1\. Music is inherently a technical, movement exercise, especially violin with
the bowing. If you are not relaxed, if you are not muscularly efficient, if
you're tense from overwork, you're going to play less well. So, those who are
busy may simply be less good due to that residual tension and stress....and
this is much less relevant to coding or purely intellectual work, which simply
requires typing and not muscular fluidity.

2\. Deliberate practice is extremely hard to measure by looking at someone's
time journal...it's a modality of practice, a time journal is not going to
gather that information. Just because the talented ones practiced in huge
chunks of time, versus spaced out shorter chunks, how do we know they were
drilling the hardest skills and analyzing their weaknesses?

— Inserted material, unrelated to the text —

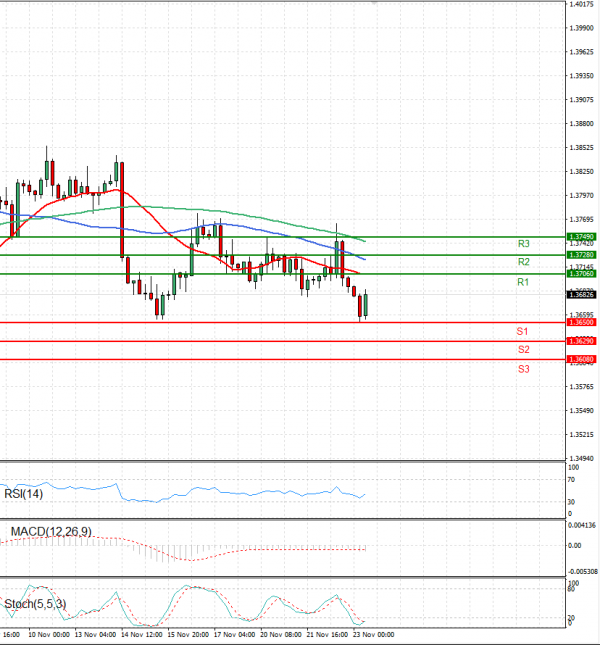 Dollar - Canadian Dollar Analysis Technical analysis 23/11/2023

3\. Looking at students who have promise (according to their professors) is
vastly different than looking at actual professionals. Many pupils were not
esteemed or had mixed reviews from their professors, and then went on to great
things. I'm thinking Debussy and Valentina Lisistsa, both of who did not
succeed initially but whose great talent was revealed later on.

------
war1025
I think this might be somewhat tangential to what the article has to say, but
I think there is a fair amount of mindset to the "busyness" thing.

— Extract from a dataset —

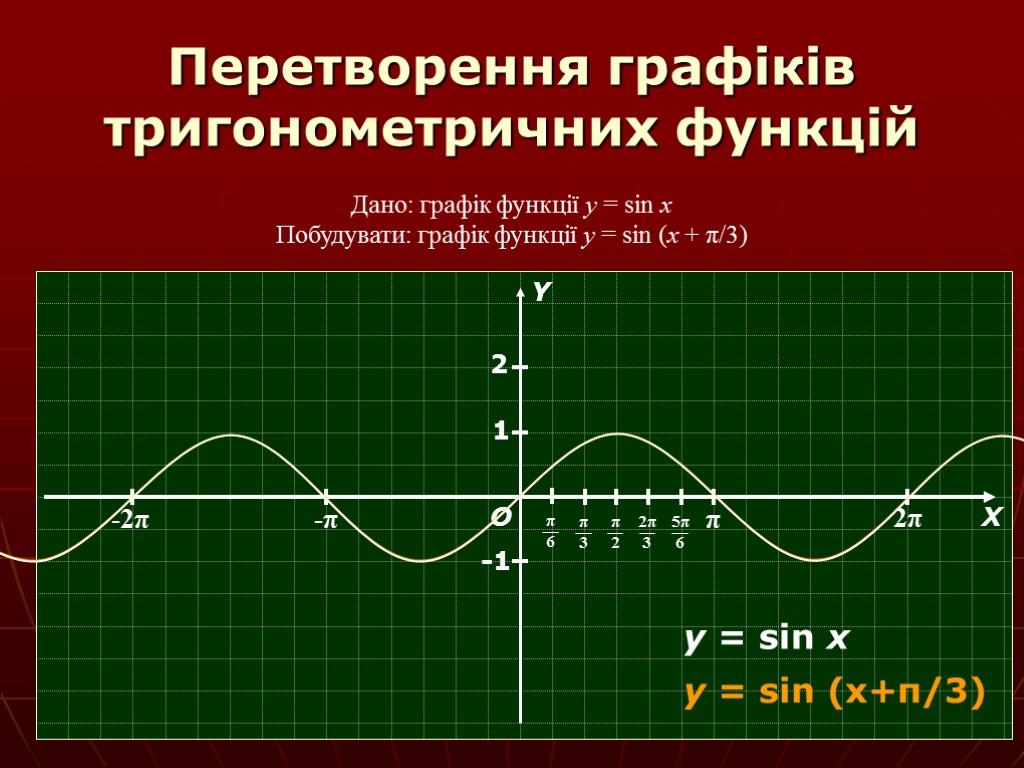 Перетворення графіків тригонометричних функцій Дано: графік функції y = sin x Побудувати: графік функції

Some people seem to think that "busyness is next to godliness", so they make
sure never to let anyone see them idle. They don't so much focus on what they
are doing, just that they are doing _something_.

I've always taken the opposite approach. I go out of my way to make it look
like I'm never busy. "Make it look easy." It's just a different sort of
personality quirk.

It's fun to come across people from the other camp. We find each other very
peculiar... :)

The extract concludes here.